Exercise instructions — Write out the records below exactly as they appear, skipping each picture.

Segment Start: Data records

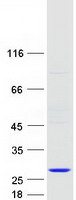 protq9nyr9 nkiras2 human recombinant protein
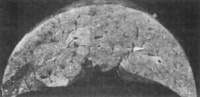 data-lemmaid="733157">血吸虫病 /a>引起的肝硬化病理特点为不完全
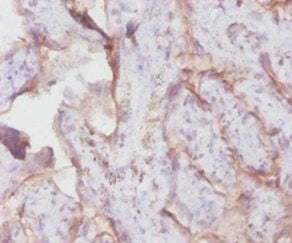 Immunocytochemistry analysis of human colon cancer using CAC07319 at dilution of 1:100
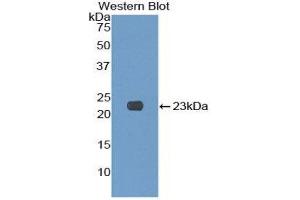 Western Blotting (WB) image for anti-Killer Cell Lectin-Like Receptor Subfamily C, Member 2 (KLRC2) (AA 19-190) antibody (ABIN1859564)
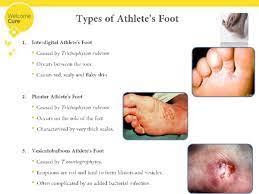 athlete s foot know more about its
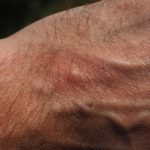 Papier Allergie Hautausschlag Hand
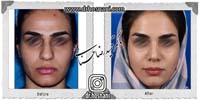 عمل بینی شماره 1041گوشتی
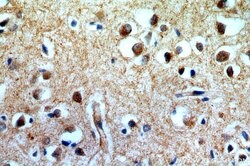 CUEDC2 Rabbit anti-Human, Mouse, Polyclonal, Proteintech:Antibodies:Primary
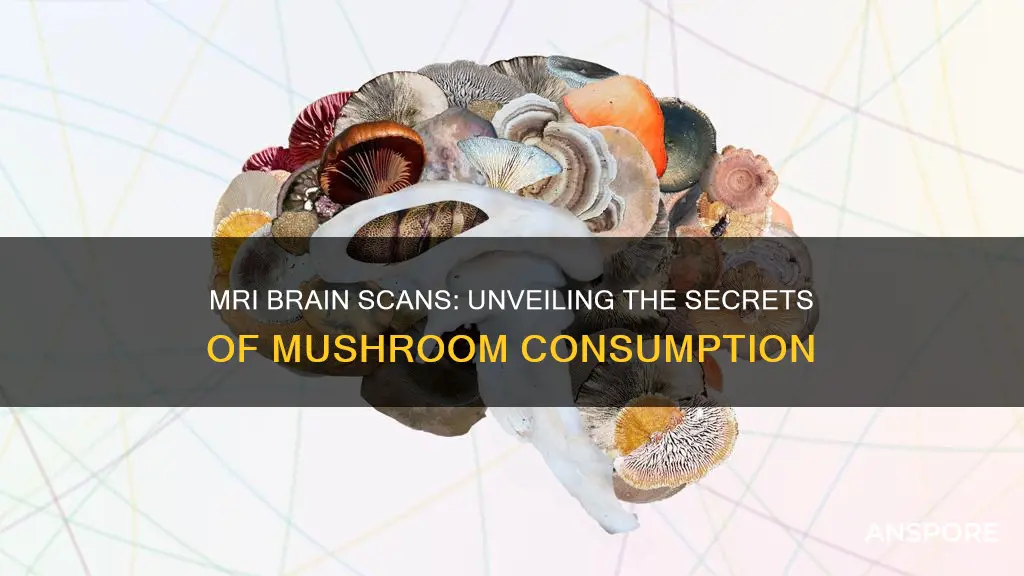 how mushroom brain studies are performed mri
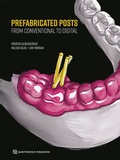 Cover: Prefabricated Posts - Quintessence Publishing Co. Ltd.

Segment End: Data records

Solution to the problem —
 protq9nyr9 nkiras2 human recombinant protein
 data-lemmaid="733157">血吸虫病 /a>引起的肝硬化病理特点为不完全
 Immunocytochemistry analysis of human colon cancer using CAC07319 at dilution of 1:100
 Western Blotting (WB) image for anti-Killer Cell Lectin-Like Receptor Subfamily C, Member 2 (KLRC2) (AA 19-190) antibody (ABIN1859564)
 athlete s foot know more about its
 Papier Allergie Hautausschlag Hand
 عمل بینی شماره 1041گوشتی
 CUEDC2 Rabbit anti-Human, Mouse, Polyclonal, Proteintech:Antibodies:Primary
 how mushroom brain studies are performed mri
 Cover: Prefabricated Posts - Quintessence Publishing Co. Ltd.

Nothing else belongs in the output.